● ACTION ITEM: Repeat the records exactly. Leave out the pictures.

● RECORDS FOR THIS TASK:
▬▬▬

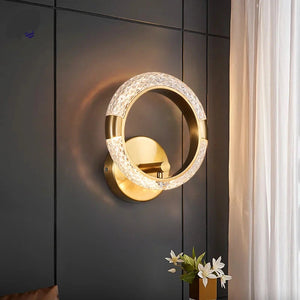 The Elegant Ring Wall Sconce, featuring a gold finish and diamond-patterned light reminiscent of a luxury wall light, encircles an inner adjustable arm. It is mounted on a dark paneled wall next to white curtains and a small vase of white flowers.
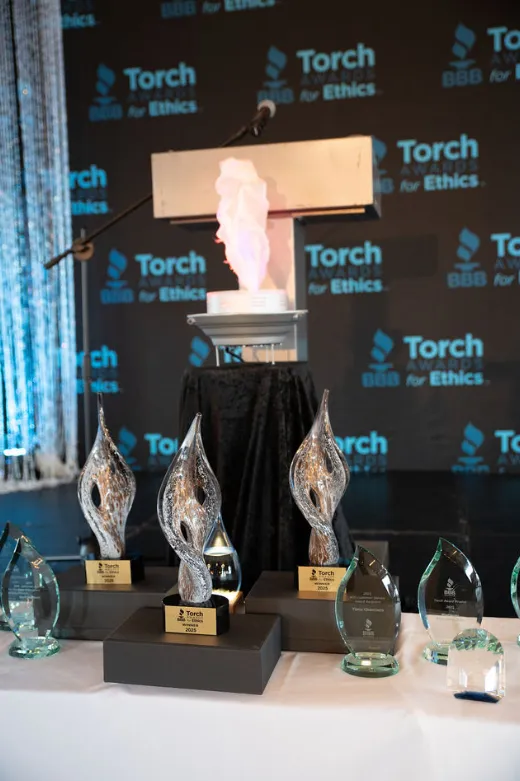 Past winners of the BBB Torch Awards holding their trophies at the gala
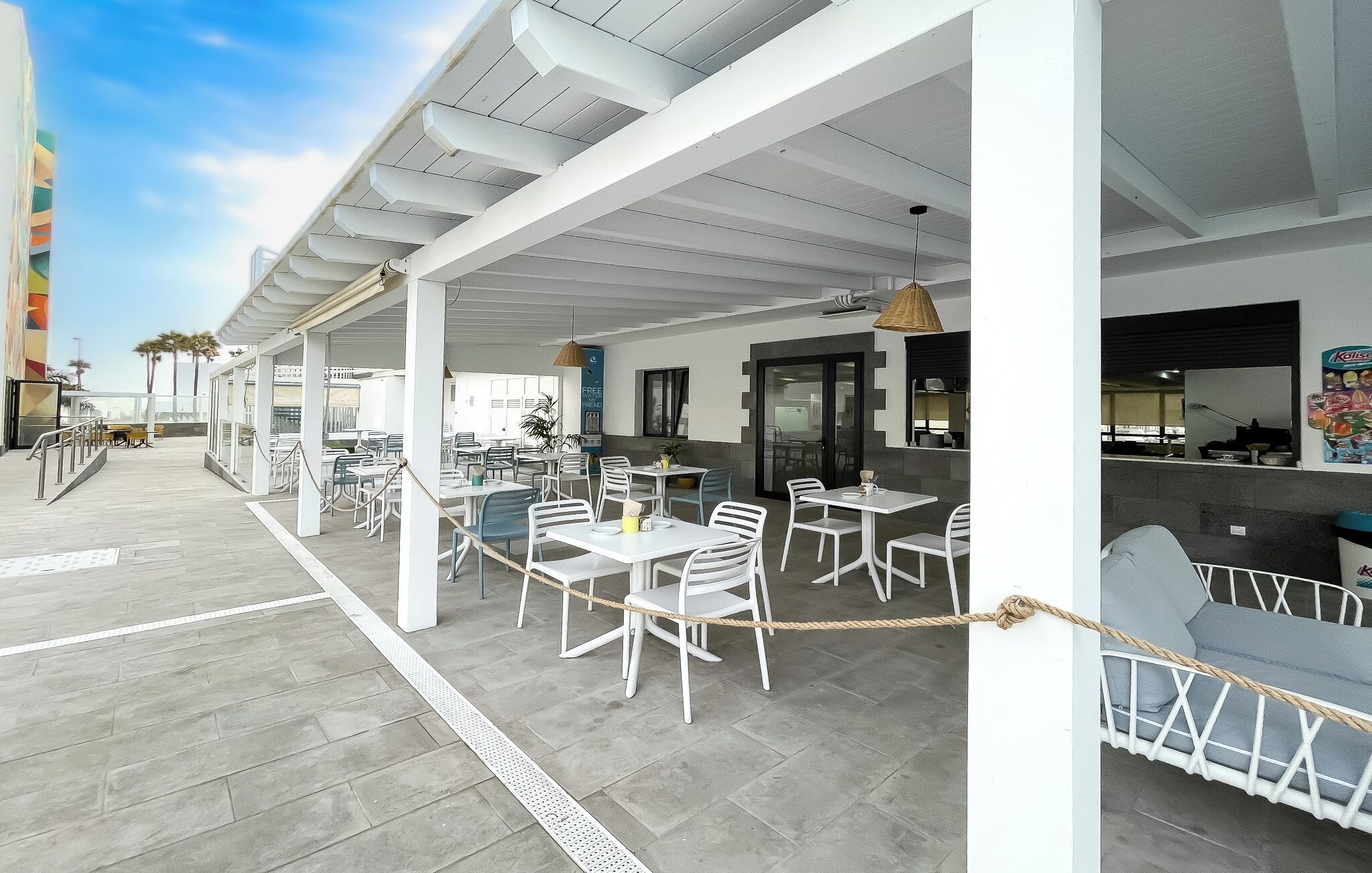 An outdoor cafe with white tables and chairs, a rope barrier, and a view of the ocean.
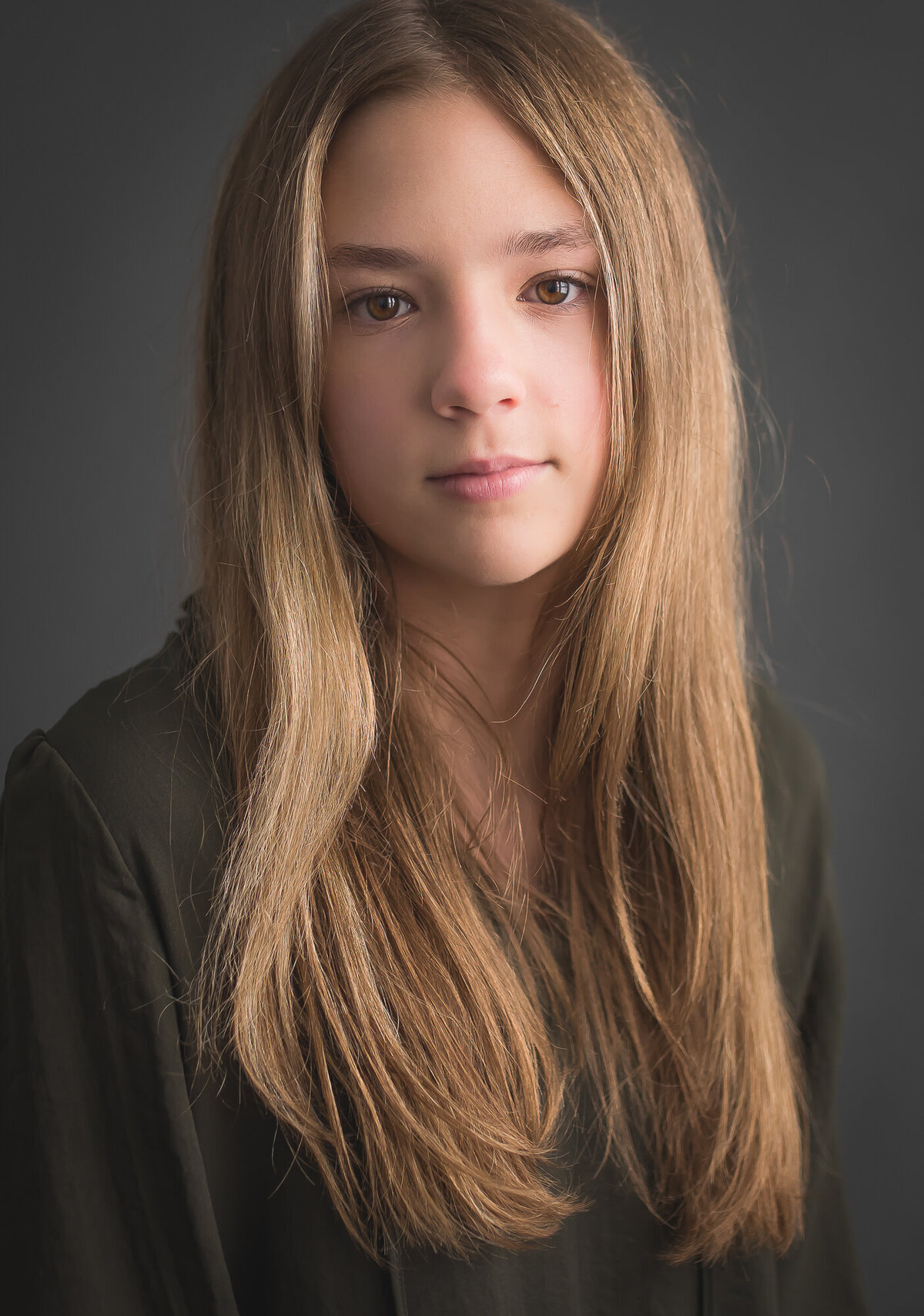color portrait of a senor girl in a dark olive blouse with long blonde hair with a grey background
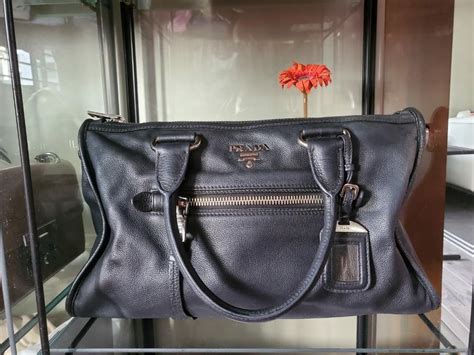 Price off!! Prada sling bag, Women's Fashion, Bags & Wallets, Handbags ...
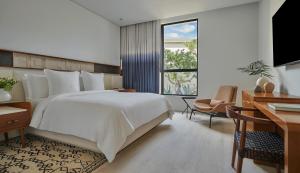 Postel nebo postele na pokoji v ubytování Four Seasons Resort Los Cabos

▬▬▬

● RESPONSE TO THE EXERCISE:
 The Elegant Ring Wall Sconce, featuring a gold finish and diamond-patterned light reminiscent of a luxury wall light, encircles an inner adjustable arm. It is mounted on a dark paneled wall next to white curtains and a small vase of white flowers.
 Past winners of the BBB Torch Awards holding their trophies at the gala
 An outdoor cafe with white tables and chairs, a rope barrier, and a view of the ocean.
color portrait of a senor girl in a dark olive blouse with long blonde hair with a grey background
 Price off!! Prada sling bag, Women's Fashion, Bags & Wallets, Handbags ...
 Postel nebo postele na pokoji v ubytování Four Seasons Resort Los Cabos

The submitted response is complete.